McDonald’s Corp shares have climbed about 70 percent over the same period, while Starbucks Corp has nearly quadrupled in value.
“Tims’ performance has been somewhere between good and very good, given economic conditions in a hyper-competitive sector. So I would guess it will be hard for these guys to get traction but maybe the stock will respond anyway,” Baskin said.
The shares closed up 4 percent at $56.32 on the New York Stock Exchange on Wednesday, while Tims’ Toronto-listed shares rose by a similar margin to C$56.77.
Despite its growth and strong performance, analysts concede that the Canadian coffee chain faces strong headwinds.
Analysts have questioned whether the brand - which arguably trails only hockey and the maple leaf as a symbol of Canada - can continue to grow at home.
Tim Hortons - with some 3,400 company-owned and franchised stores in Canada - has virtually saturated the market. At the same time, U.S. rivals such as McDonald’s and Starbucks have also stepped up their presence north of the border, limiting Tim’s organic growth potential.
“We don’t view either player as an immediate threat to Tim Hortons’ scale and strong brand perception,” said R.J. Hottovy an analyst at Morningstar. “But we believe competition will become increasingly fierce in the decade to come, leading to more aggressive price wars.”
Highfields may have some success in building a case for spinning off Tim Hortons’ real estate assets into a new publicly traded REIT - a path that other players have taken.
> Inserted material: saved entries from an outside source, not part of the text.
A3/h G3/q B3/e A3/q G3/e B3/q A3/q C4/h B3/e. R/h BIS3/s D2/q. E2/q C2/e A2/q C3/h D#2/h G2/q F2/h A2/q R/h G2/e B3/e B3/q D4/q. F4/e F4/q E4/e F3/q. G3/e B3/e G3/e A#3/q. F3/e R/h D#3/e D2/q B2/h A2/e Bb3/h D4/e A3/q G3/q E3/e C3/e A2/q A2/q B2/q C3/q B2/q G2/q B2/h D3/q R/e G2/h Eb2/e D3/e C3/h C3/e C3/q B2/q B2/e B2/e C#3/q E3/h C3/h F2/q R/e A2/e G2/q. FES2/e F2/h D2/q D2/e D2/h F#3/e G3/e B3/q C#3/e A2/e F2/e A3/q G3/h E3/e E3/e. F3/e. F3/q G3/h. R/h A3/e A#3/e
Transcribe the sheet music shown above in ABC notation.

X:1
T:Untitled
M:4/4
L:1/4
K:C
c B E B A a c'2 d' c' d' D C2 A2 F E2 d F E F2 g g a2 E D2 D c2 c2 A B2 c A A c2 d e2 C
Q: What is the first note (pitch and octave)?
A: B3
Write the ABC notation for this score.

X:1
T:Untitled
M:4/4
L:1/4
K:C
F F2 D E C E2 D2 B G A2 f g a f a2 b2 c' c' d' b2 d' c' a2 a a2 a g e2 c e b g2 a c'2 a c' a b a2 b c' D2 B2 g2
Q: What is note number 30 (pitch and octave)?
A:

Canada’s top food retailer, Loblaw Cos, said earlier on Wednesday that it plans to complete the initial public offering of its REIT in early July.
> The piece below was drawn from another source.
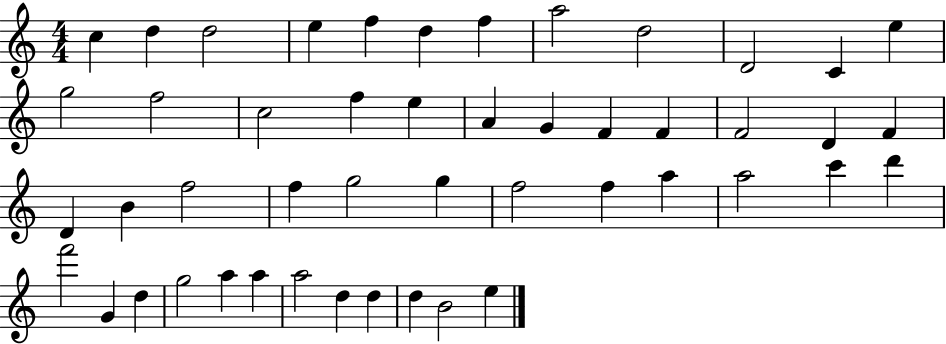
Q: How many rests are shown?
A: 0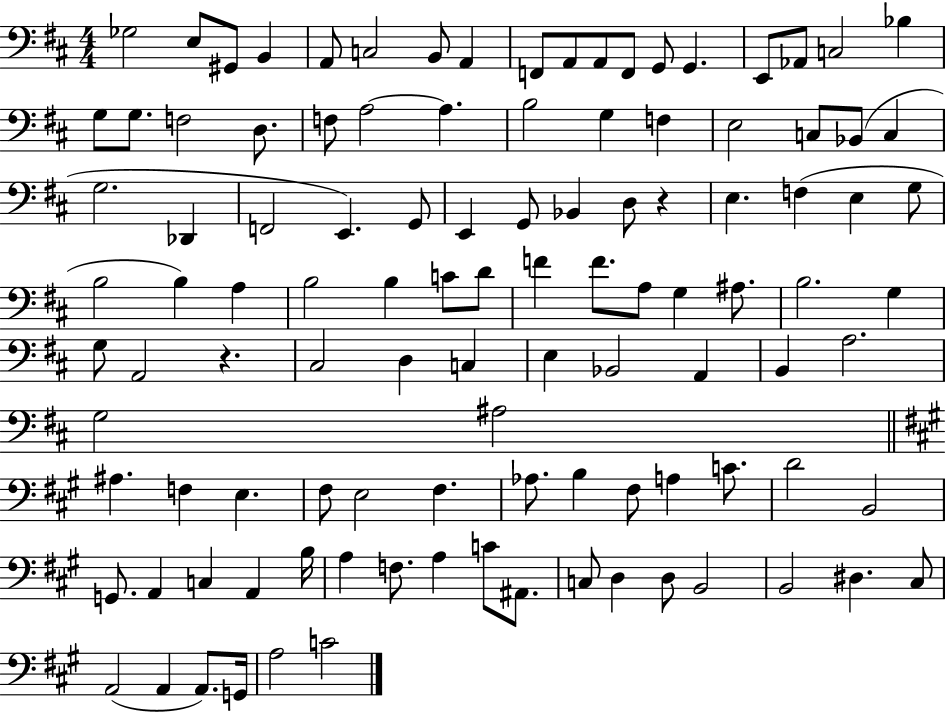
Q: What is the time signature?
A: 4/4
“Canada is a more conducive market than the U.S. right now, when it comes to REIT conversions,” said Hottovy, noting that a company spinning off the assets can still maintain a controlling interest in a REIT in Canada.
Tim Hortons in the past has panned the REIT idea, as it owns only 20 percent of its retail real estate assets. The company declined to comment beyond saying it remains focused on creating shareholder value.
“(We) always welcome constructive dialogue with our shareholders. We don’t comment on specific conversations,” said Tim Hortons spokesman Scott Bonikowsky.
Highfields also faces a tough task convincing long-term investors that a debt-funded share buyback is a sound plan.
John Goldsmith, deputy head of equities at Montrusco Bolton, a firm that owns nearly 260,000 Tim Hortons shares, questions whether the strategy makes sense over the long term, even though low interest rates have made it more attractive for activists to push companies to take on cheap debt to fund buybacks.
“This might temporarily add value per share mathematically, the question is does this create sustainable value add or simply a one-time pop?” he said.
RBC Capital Markets analyst Irene Nattel said layering on $3.4 billion in debt to fund a buyback might add to earnings. But it puts Tim’s investment-grade rating at risk, potentially raising borrowing costs and moderating any earnings per share gains for the company.
Tim Hortons is being advised by Citigroup Inc and RBC Capital Markets - both banks declined to comment.